AVAILABLE RECORDS »
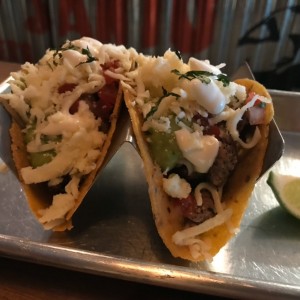 Tacos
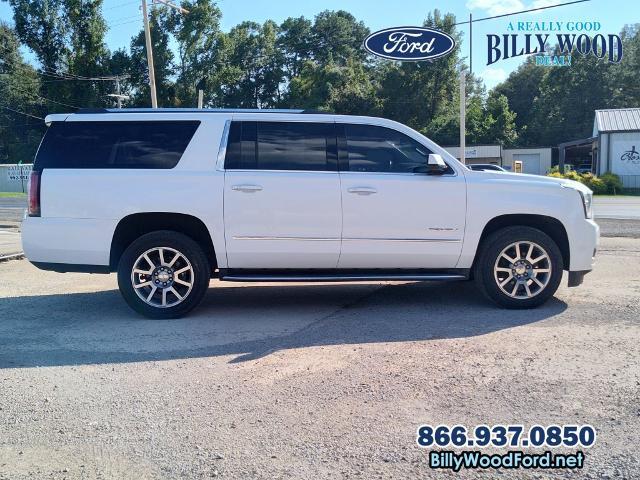 2020 GMC Yukon - $25,895
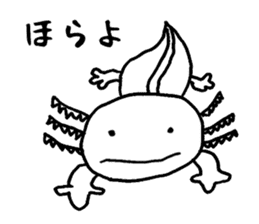 Animals with no amiable sticker #2627266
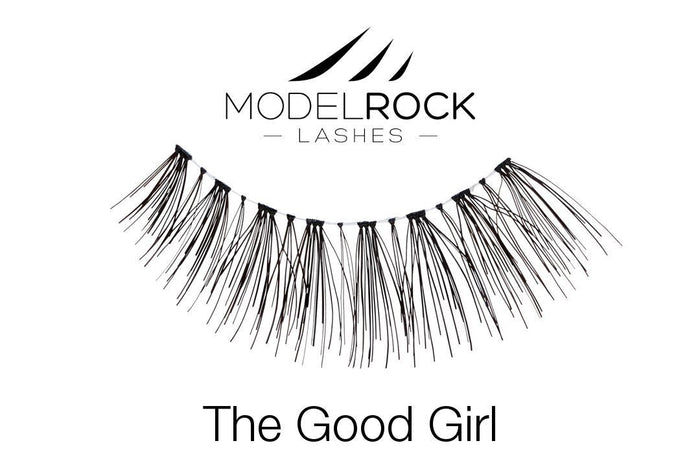 Model Rock Lashes - The Good Girl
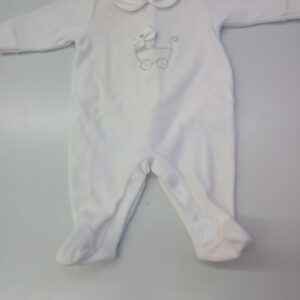 TUTINA INTERA IN CINIGLIA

DIRECTIONS »
A faithful copy is needed: reproduce all of the data above, leaving the pictures out.

EXERCISE ANSWER »
 Tacos
 2020 GMC Yukon - $25,895
 Animals with no amiable sticker #2627266
 Model Rock Lashes - The Good Girl
 TUTINA INTERA IN CINIGLIA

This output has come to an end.